= DATASET EXTRACT =

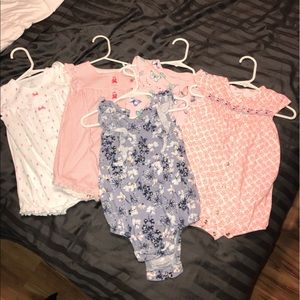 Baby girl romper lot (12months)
--
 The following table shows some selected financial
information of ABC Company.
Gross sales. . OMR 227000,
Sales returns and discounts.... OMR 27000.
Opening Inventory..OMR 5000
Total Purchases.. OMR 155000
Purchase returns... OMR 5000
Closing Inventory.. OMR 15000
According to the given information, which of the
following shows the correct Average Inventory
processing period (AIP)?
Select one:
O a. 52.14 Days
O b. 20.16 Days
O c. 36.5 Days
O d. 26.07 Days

= TASK PROMPT =
Will you return exactly the lines above from the one with "Opening Inventory..OMR 5000" down to the one with "O d. 26.07 Days", counting both as part of the range?

= SOLUTION BELOW =
Opening Inventory..OMR 5000
Total Purchases.. OMR 155000
Purchase returns... OMR 5000
Closing Inventory.. OMR 15000
According to the given information, which of the
following shows the correct Average Inventory
processing period (AIP)?
Select one:
O a. 52.14 Days
O b. 20.16 Days
O c. 36.5 Days
O d. 26.07 Days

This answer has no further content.